TEPCO executives’ delusion that nuclear business will go on as before
the biggest policy threat to the nuclear industry is local. Since the disaster, Japanese mayors and governors have been blocking utilities from restarting reactors that have shut down
Anti-nuclear mood melts Tepco’s hopes of normality FT.com By Jonathan Soble in Tokyo, 16 Nov 11, Call it fortitude or fantasy, but executives at Tokyo Electric Power (Tepco), the owner of Fukushima Daiichi nuclear power station, still talk of the meltdowns at three of the facility’s reactors in March as a merely temporary setback for their business.

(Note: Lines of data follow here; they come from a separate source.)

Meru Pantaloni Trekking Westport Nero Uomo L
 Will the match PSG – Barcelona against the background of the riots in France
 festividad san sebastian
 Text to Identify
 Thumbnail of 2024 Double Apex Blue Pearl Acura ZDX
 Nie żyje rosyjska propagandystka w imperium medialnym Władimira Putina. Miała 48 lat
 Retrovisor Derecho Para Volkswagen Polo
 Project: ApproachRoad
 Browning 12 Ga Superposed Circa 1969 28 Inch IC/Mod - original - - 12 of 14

“The sooner we get back to normal, the better,” Toshio Nishizawa, Tepco’s president, recently told the Financial Times. “Whatever happens, our core business will not change.”
Before the disaster, Tepco was a pillar of Japan’s business establishment, with a virtual monopoly over generating and distributing the electricity used by the world’s biggest urban conglomeration. Its position brought it annual revenues exceeding Y5,000bn ($65bn) and net profit of Y133.8bn and matchless political power.
Today, Tepco is a ward of the state – effectively bankrupted by liability claims but kept in business by a rescue scheme that shifts to taxpayers the up-front costs of cleaning up Fukushima prefecture and compensating victims of the catastrophe, including more than 100,000 people who have been forced from their homes.
With net assets of Y2,516bn at the end of 2009/10 financial year, Tepco has to repay these costs – estimated at Y4,700bn but likely to rise – over a still unspecified number of years, using profits that would otherwise have gone to shareholders, who themselves have been stripped of further dividend payments and hit by an 85 per cent fall in the value of their holdings since the disaster.
Tepco is also saddled with Y9,000bn of gross debt and while the banks have agreed to roll over loans at pre-disaster interest rates, so far they have resisted pressure to write off any debts entirely….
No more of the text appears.